E l’Europa? Doveva essere la prima vittima collaterale della guerra commerciale. Anche qui, però, i numeri si ostinano a non obbedire alle narrazioni. L’Italia, per esempio, a novembre ha visto rafforzarsi il saldo commerciale con i Paesi extra Ue, arrivato a più 6,9 miliardi di euro, contro i 5,3 miliardi dello stesso mese del 2024. Quanto agli Stati Uniti, l’export italiano registra sì un calo, ma limitato: meno 3%. Una flessione che somiglia più a un raffreddore stagionale che a una polmonite da dazi. Non esattamente lo scenario da catastrofe annunciata.

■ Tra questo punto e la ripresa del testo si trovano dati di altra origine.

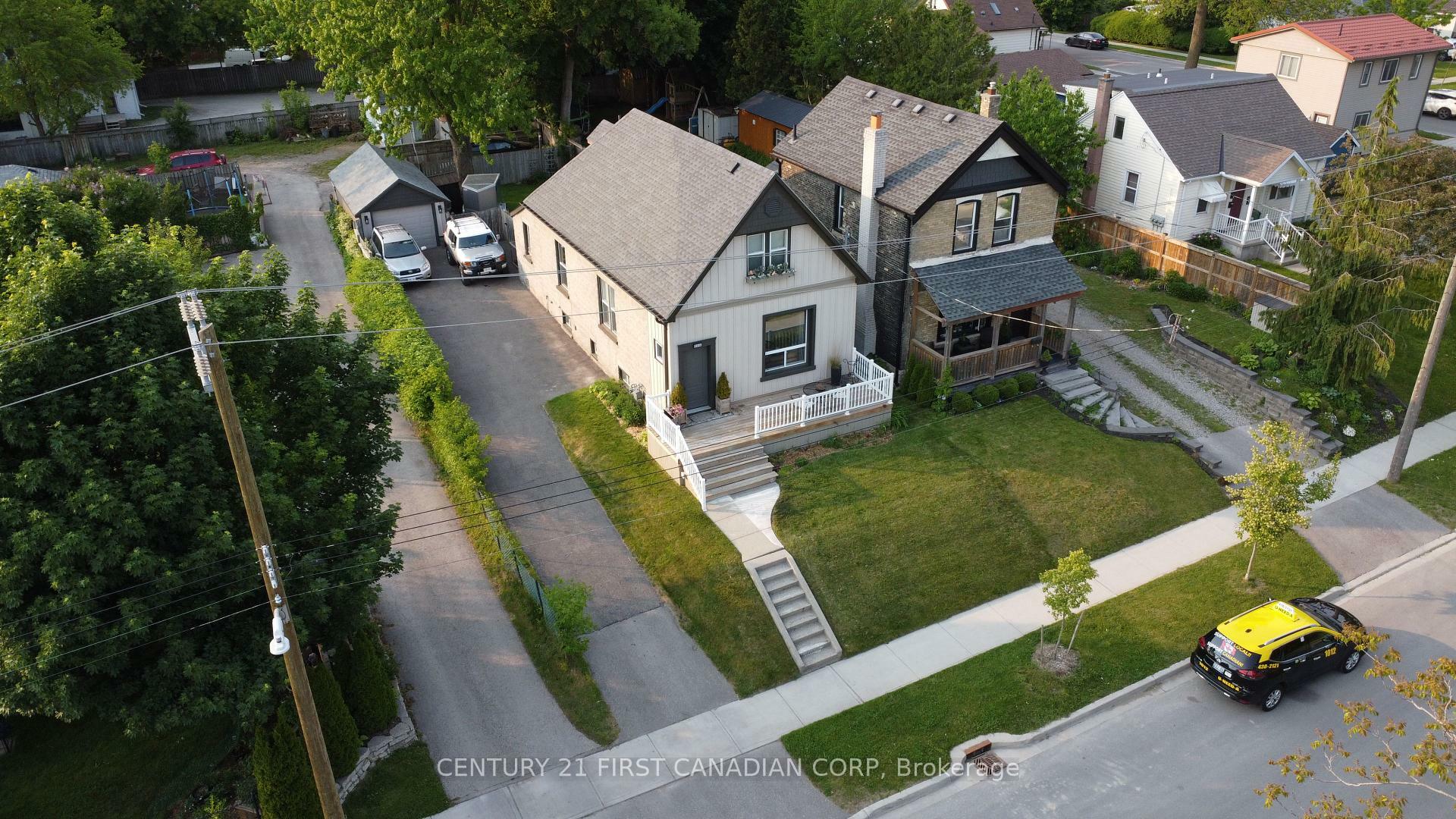 Property Photo: 366 Salisbury Street ON N5Y 3B1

Anche la Bce, che per statuto non indulge in entusiasmi, ha dovuto prendere atto della resilienza dell’economia europea. Le nuove proiezioni parlano di una crescita dell’eurozona all’1,4% nel 2025, in rialzo rispetto all’1,2% stimato a settembre, e dell’1,2% nel 2026, contro l’1,0 precedente. Non è un boom, certo, ma nemmeno il deserto postbellico evocato dai più allarmisti. Soprattutto, è un segnale: l’Europa cresce nonostante tutto, e nonostante tutti. E poi c’è la Cina, che osserva il dibattito globale con il sorriso di chi incassa. Nei primi undici mesi del 2025 Pechino ha messo a segno un surplus commerciale record di oltre 1.000 miliardi di dollari, con esportazioni superiori ai 3.400 miliardi. Altro che isolamento: la fabbrica del mondo continua a macinare numeri, mentre l’Occidente discute se i dazi siano il male assoluto o solo un peccato veniale.

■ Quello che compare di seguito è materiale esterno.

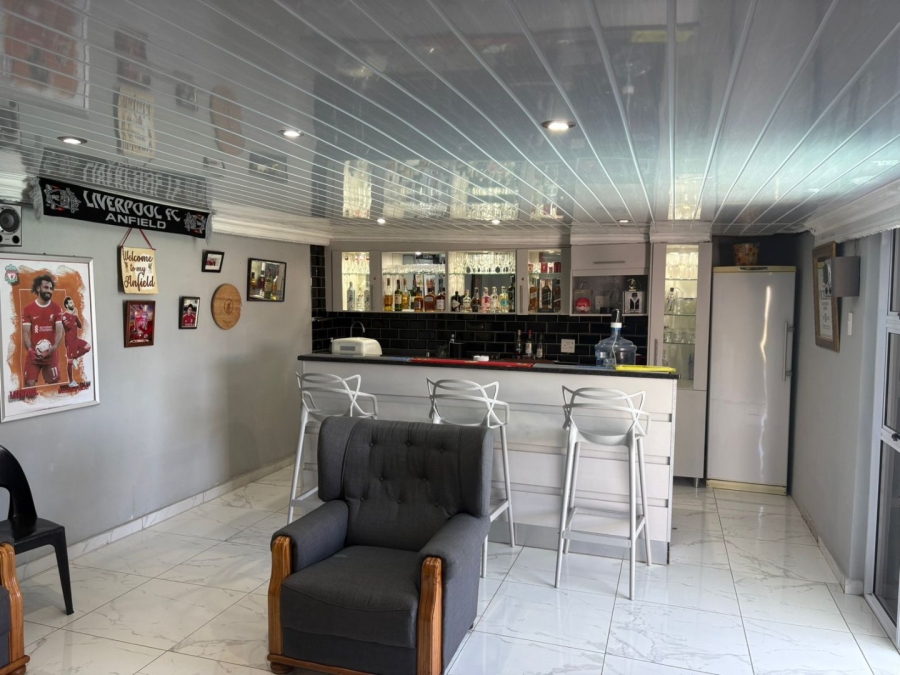 5 Bedroom Property for Sale in Baysville Eastern Cape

Alla fine, la lezione è sempre la stessa. I dazi fanno rumore, le previsioni pure. Ma l’economia parla a bassa voce e con i numeri. E spesso, come in questo caso, si diverte a smentire chi aveva già scritto il copione del disastro. Le cassandre restano senza applausi. Le statistiche, ancora una volta, si prendono la scena.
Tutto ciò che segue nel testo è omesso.